No, not cooking for the vision impaired, or even blind baking – this is creating in the kitchen without tasting the food. It is a concept that is alien to me, not checking the seasoning, trusting only sight and smell. But twice recently I have cooked meat dishes for my parents, casseroles to tide them over for a few days before I fly off back to Australia. For years I couldn’t even contemplate the idea of smelling meat but at least their kitchen is well ventilated and the joy of casserole making is that most of the cooking is done safely enclosed in both a dish and the oven.

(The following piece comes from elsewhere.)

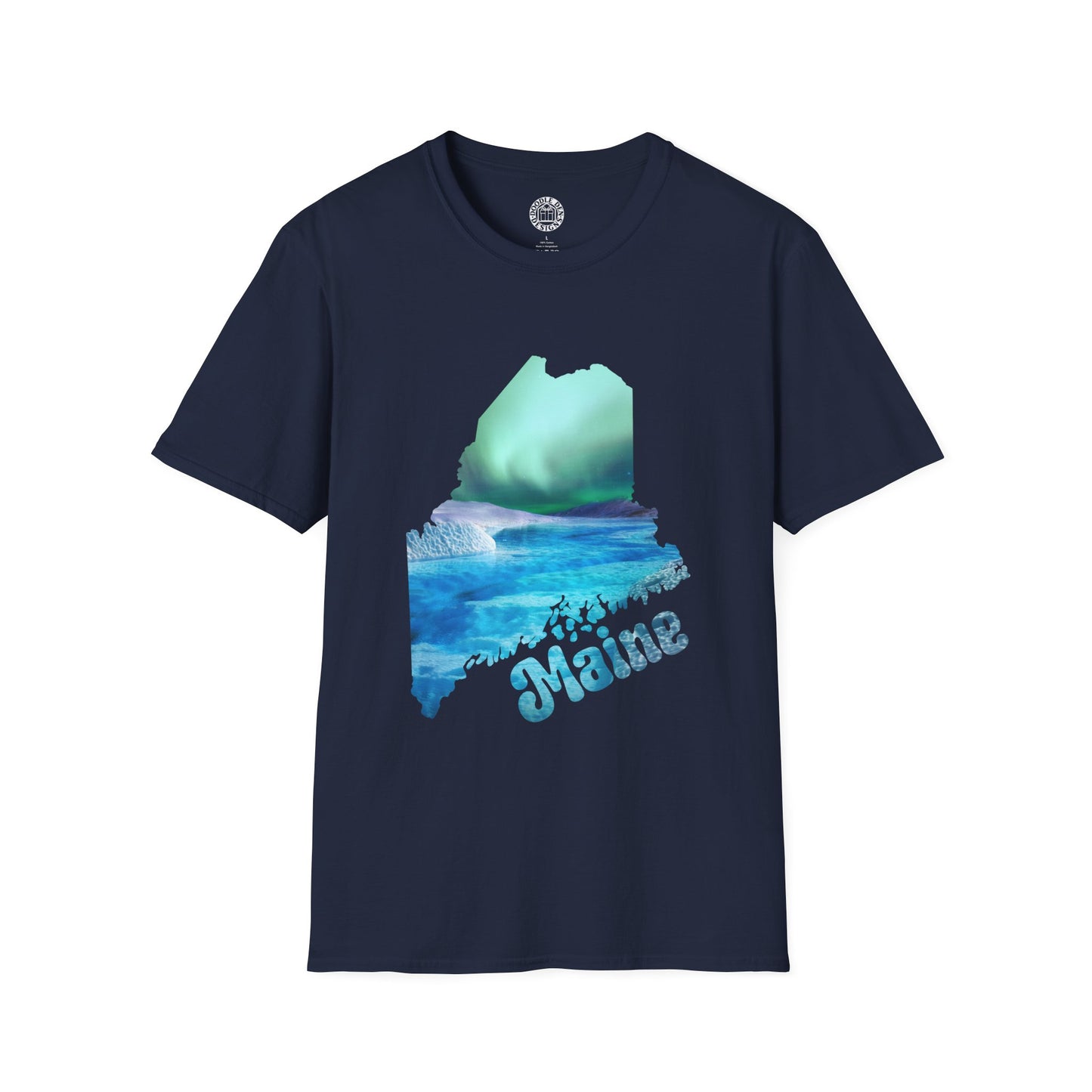 Navy blue t-shirt with a graphic of an iceberg and 'Maine' text on a white background  northern lights aurora borealis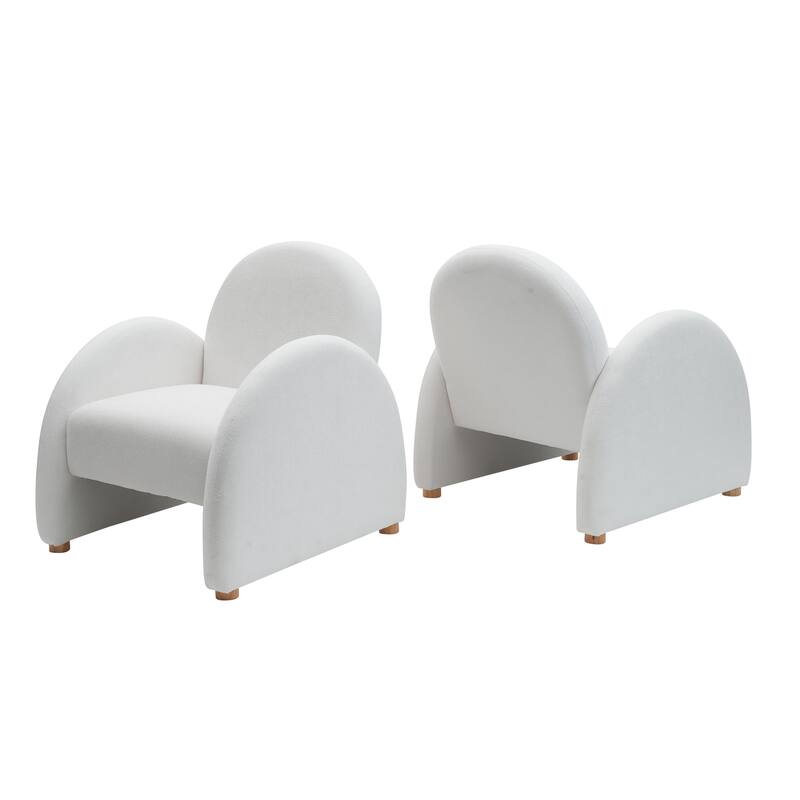 Modern Boucle Accent Armchair - Comfortable Upholstered Lounge Chair with Curved Armrests, Stylish Minimalist Chair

Considering it is at least 2 decades since I last ate meat, I can’t even think of when I previously cooked it and if I ever made a humble beef stew in my life. Some how, once learnt, the techniques never leave you. I’m told both versions of this dish were tasty and well appreciated. They are simple and surely no great variation on what has been made for years. But I will record them for posterity, just to show – though I don’t want to ever make it or smell it in my own home, there are some things you will do for your family.

Food I don’t eat any more #2 – Beef Casserole

quantity depends on how much you want to make – just play it by ear

mustard powder (optional)
olive or other vegetable oil
500-750 g diced beef (go for grass fed/organic where possible)
1 large potato, peeled and diced into chunks
2 carrots, sliced
1 large onion
2-4 cloves of garlic, crushed
mixed herbs, a large pinch
1 can tomatoes, chopped OR 1 large glass of red wine (something heavy like a cab sauv)
1/2 – 1 litre beef stock (avoid the nasty cubes and go for a preservative-free liquid version)
salt and pepper to taste

In a clean plastic bag toss in about 1/2 cup or more of cornflour, seasoned with salt and pepper, and a tsp of dry mustard powder if desired. Now throw in the diced beef and shake til coated. In a heavy based fry pan, heat oil and add the beef in batches, so they can seal on the outside (go a bit brown) without getting overcrowded in the pan and start stewing instead. When the meat has begun to brown place in a casserole dish. If you wish, deglaze the pan with some stock so all the meaty bits are scraped off and added to the casserole. Add all the remaining ingredients (veg, herbs, tomatoes or wine and seasoning) to the dish, cover and cook long and slow in the oven -160-180c for a couple of hours should be fine. If you’d like the gravy to be a bit thicker, put a couple of teaspoons of cornflour in a cup and scoop out a little liquid to thicken it into a paste, then add back to the stew.

I reckon mushrooms would be nice too.

This nostalgia dish is gluten-free, dairy-free but unfortunately is not vegetarian friendly.